Questo mese voglio lasciare il mio “spazio bianco” alla voce di una donna che ho conosciuto che ha una storia da raccontare. Le ho chiesto di scrivere per me la sua esperienza di amore e di dolore. Lo ha fatto. La chiamerò Rachele, un nome di fantasia.

“Scrivo questo mio contributo con la speranza che possa costituire una piccola luce accesa tra le tante che cercano di illuminare le tenebre mortifere provocate dalla pratica dell’interruzione di gravidanza. Ho da sempre respinto questo atto nel mio cuore e nella mia testa, a partire dalla terminologia, perché è evidente che si ha a che fare con un atto ben più grave di una generica interruzione. Ho assistito sin da bambina alle manifestazioni delle femministe che richiedevano la sua approvazione e, in seguito, incontrato donne di svariate età che vi erano ricorse e sempre più, in me, si è rinforzata una totale opposizione diventata viscerale.

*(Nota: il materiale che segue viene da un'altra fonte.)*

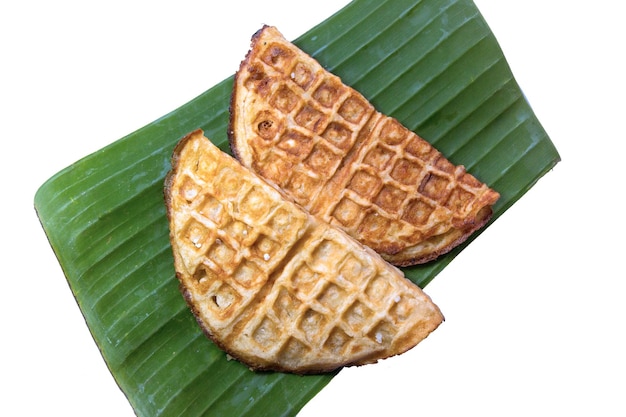 Thai dessert made with rice flour mixed with sugar and jaggery and grated coconut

Sono poi diventata mamma di due figli maschi M. e A. che ho educato all’amore, alla cura della vita e al rispetto per la donna che ne diventa la custode preziosa nel proprio grembo. Ho prestato molta attenzione alla loro educazione all’affettività, comunicando loro che, qualora si fossero trovati nella condizione di una gravidanza inattesa, non solo sarebbero stati chiamati a compiere il proprio dovere in quanto padri e compagni della madre del bambino, ma che sarebbe potuto capitare loro di subire la scelta di quest’ultima senza poter aver voce in capitolo poiché la Legge non tutela né il bambino né il padre. Confidavo sulla loro serietà e speravo che avrebbero vissuto la propria vita sentimentale in maniera matura e quindi ordinata, con responsabilità. Ciò non è avvenuto e mi trovo qui a scrivere perché la nostra esperienza possa destare le coscienze e contribuire a ricordare che il dramma dell’aborto non coinvolge unicamente la madre, ma il bambino stesso, il padre, i nonni e le persone che vivono loro accanto.

Una sera di marzo

Una fredda sera di marzo di una settimana particolarmente intensa mio figlio M. mi scrive che rincaserà presto e mi avvisa, con voce agitata, che mi deve comunicare due notizie: una buona e una meno. Non ho la minima idea che la mia famiglia sarà investita da un dolore tremendo. Si tratta del mio primogenito, ventunenne, ragazzo studioso, maturo, attivo in un percorso in un Movimento Ecclesiale, alle prese con la sua prima relazione sentimentale da circa un anno con C., una ragazza che pare presentare simili requisiti e che risiede a Roma, quindi assai distante da casa nostra. Recentemente, io e lui non siamo riusciti a ritagliarci del tempo insieme a causa dei rispettivi impegni. 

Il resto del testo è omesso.